◆ **INSTRUCTIONS FOR THE TASK**: From the data below, set down exactly the lines between the one holding "For long exposure" and the one holding "Thank you for", inclusive, and no others.

◆ **INFORMATION**:
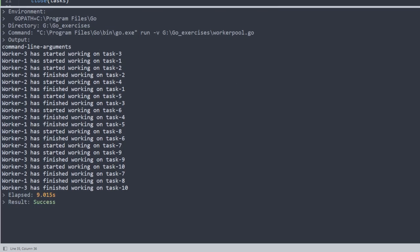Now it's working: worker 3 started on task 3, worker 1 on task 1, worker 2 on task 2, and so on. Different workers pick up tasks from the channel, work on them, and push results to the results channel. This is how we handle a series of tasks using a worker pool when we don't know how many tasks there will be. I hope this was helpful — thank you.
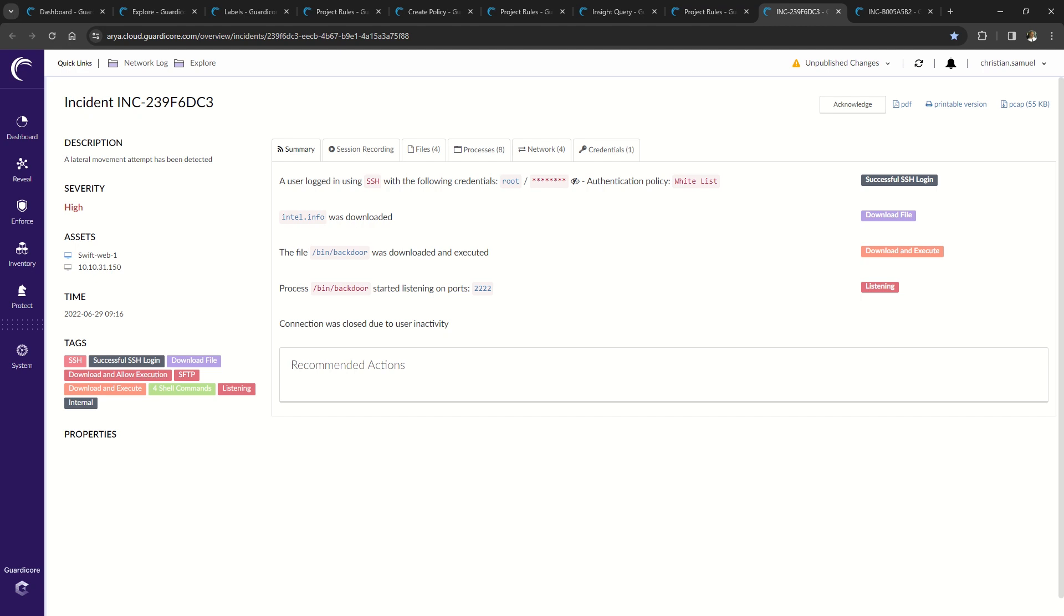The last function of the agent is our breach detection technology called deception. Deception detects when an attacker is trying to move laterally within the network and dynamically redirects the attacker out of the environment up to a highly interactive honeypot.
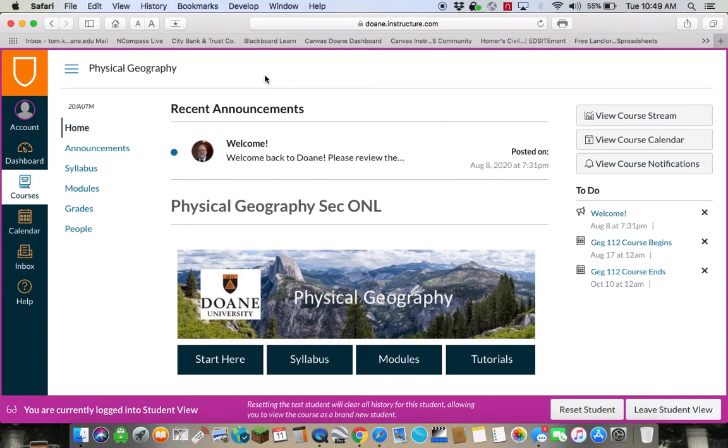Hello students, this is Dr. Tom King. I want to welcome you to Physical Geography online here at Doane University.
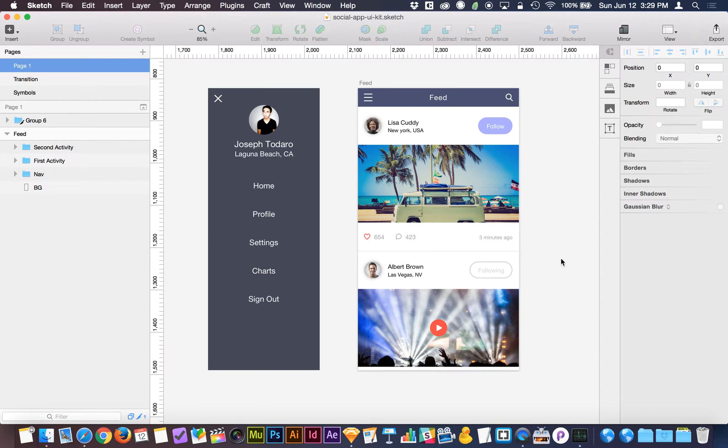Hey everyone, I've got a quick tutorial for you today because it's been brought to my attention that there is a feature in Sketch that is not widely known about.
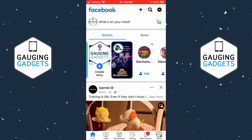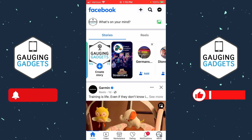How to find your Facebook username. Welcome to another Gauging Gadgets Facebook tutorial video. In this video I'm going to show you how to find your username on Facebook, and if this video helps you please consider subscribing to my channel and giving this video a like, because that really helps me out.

...

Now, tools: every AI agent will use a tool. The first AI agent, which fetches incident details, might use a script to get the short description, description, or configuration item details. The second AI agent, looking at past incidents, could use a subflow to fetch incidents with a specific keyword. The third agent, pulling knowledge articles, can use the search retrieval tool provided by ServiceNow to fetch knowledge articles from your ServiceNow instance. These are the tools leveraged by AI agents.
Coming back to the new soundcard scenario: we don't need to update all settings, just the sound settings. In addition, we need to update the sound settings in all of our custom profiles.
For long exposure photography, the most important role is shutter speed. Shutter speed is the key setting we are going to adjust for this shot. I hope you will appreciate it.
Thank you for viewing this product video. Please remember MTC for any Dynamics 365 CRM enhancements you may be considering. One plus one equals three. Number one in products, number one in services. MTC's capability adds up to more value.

◆ **REPLY**:
For long exposure photography, the most important role is shutter speed. Shutter speed is the key setting we are going to adjust for this shot. I hope you will appreciate it.
Thank you for viewing this product video. Please remember MTC for any Dynamics 365 CRM enhancements you may be considering. One plus one equals three. Number one in products, number one in services. MTC's capability adds up to more value.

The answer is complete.